Tip #3: Get the right financial backers.

There
are many organisations, such as the Indian Angel Network, who can help
you. Some venture capital firms do look at start-ups, though in India
there are just a few. There are many boutique investment banks that can
help you raise money from investors (typically in return for a retainer
and/or commission).

For those of you who do not like to pay commissions, you may want to consider engaging a firm like Stern Fisher, which focuses only on arranging meetings with venture capital firms and other investors for a small one-time fee. 

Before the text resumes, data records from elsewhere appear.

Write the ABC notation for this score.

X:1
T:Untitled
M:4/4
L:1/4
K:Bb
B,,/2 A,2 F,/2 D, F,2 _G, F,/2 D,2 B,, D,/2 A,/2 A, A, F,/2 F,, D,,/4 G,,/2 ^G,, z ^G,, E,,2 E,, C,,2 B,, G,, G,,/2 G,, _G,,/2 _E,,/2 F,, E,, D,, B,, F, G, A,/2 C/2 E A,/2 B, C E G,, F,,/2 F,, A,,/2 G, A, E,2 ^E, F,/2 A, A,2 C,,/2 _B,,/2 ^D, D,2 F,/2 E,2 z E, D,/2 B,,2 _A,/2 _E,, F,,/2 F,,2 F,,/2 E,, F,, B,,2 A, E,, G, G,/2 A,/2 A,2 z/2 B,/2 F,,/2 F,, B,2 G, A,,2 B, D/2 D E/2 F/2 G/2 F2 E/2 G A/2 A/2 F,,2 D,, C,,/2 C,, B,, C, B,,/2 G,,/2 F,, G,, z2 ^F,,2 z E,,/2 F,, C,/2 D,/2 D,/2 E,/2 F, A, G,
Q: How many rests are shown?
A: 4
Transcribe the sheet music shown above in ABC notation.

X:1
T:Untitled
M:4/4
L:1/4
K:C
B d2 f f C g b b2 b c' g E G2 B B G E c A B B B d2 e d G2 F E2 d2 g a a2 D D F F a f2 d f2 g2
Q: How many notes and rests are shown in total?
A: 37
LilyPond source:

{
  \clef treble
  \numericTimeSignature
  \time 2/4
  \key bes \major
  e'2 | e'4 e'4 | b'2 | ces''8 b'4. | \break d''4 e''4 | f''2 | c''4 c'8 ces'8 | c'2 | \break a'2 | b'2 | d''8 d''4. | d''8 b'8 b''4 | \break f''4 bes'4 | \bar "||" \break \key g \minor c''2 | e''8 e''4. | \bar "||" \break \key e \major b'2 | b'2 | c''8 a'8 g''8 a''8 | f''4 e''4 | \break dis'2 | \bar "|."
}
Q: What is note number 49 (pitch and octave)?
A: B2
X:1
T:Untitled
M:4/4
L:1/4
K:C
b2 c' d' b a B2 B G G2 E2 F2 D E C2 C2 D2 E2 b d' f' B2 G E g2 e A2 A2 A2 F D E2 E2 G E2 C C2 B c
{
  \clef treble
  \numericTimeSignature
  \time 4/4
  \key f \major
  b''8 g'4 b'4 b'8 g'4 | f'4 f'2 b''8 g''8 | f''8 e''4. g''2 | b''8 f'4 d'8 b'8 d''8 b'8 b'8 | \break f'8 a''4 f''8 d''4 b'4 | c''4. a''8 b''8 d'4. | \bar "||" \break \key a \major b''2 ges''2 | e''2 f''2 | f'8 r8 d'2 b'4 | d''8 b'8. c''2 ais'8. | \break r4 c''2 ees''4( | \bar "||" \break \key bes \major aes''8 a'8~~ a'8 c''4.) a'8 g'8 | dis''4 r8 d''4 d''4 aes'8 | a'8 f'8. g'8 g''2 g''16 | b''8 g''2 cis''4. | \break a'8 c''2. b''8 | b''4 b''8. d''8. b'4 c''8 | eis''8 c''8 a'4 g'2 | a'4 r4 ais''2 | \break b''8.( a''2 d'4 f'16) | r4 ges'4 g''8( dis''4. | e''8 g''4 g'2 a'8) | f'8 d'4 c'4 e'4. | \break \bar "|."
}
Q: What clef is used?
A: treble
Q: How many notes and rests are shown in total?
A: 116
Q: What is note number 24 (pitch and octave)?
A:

Tip #4: Be ready to constantly adjust to changing realities.

Markets
are constantly changing, and those who maintain the course out of
ignorance or stubbornness can end up on the wrong side of history. DesignPresentation 
is a good example.

This started out as a simple roster
to vector cad drafting service operation, converting scanned images of
old blueprints into electronic AutoCAD files for hundreds of clients in
the USA and Europe.

Over
time, this business has become commoditised, but DesignPresentation had
already branched out into higher level work, including logo
vectorisation, drafting services, 2D/3D modeling and architectural
detailing.  Today the company is moving into Building Information
Modeling (BIM) and engineering support services, such as structural,
Mechanical-Electrical-Plumbing (MEP) and Heating-Ventilation-AD (HVAC)
CAD services.

By next year, the company will be completely different from what it was just a few years ago. 

Moving on

Tip #1: Persistence is good, but too much of a good thing can be terrible in some cases. 

Every
start up is essentially an experiment. If the experiment is successful,
do more of it. If it’s not working according to plan and you’ve given
it enough time, then move on to something better. It’s best to agree on
a time-bound definition of success beforehand with your partners and
your family.

Otherwise,
you may find that you end up claiming victory when everyone around you
is unhappy, or keep postponing the payoff date and get stuck in a rut.

If
the experiment has failed, quickly figure out the solution or pull out
your back up plan and move on. I learned this painful lesson about 10
years ago when I had to shut down a 4-year old company that made
plastic injection moulds. A group of investors and I had invested in it
and I persisted in the belief that we could make a success of it.

In
retrospect, we should have shut it down sooner. Soon after closing down
the company, we invested in another venture that ended up doing very
well financially, and we had much more fun along the way. 

Tip #2: Even if you succeed, it may be time to call it quits.

For
example, you might want to find a buyer for your shares, lock in your
profits and retire or pursue other interests. Or you may have an even
better idea than your first idea, and the sales proceeds from one
business could help you build a much better business.

Or
you may find that you enjoy being part of a start-up, and that as the
company matures you begin to lose interest in the daily grind and
hassles of running a large enterprise.

My role in SmartAnalyst is
a case in point. I helped developed the concept and co-founded the
company, but am now just a Director and am happy to know that the
company is run by very competent professionals, many of them who
understand the work — business research, analysis and decision support
— far better than I do.

This
frees me up to spend more time with other visionary entrepreneurs that
I meet on a regular basis through TiE and the Indian Angel Network.

In
conclusion, creating, nurturing and moving on are a natural part of the
entrepreneur’s journey, a cycle that you might recognise as part of the
natural order of things.

The
examples described above are real, and I would urge you to visit their
websites to see how each of these entrepreneurs has managed to not just
survive, but also to prevail in their respective markets.

I
respect all of these entrepreneurs not just because they are successful
and are making a positive contribution to the world around them, but
because they had the spirit to give entrepreneurship a try.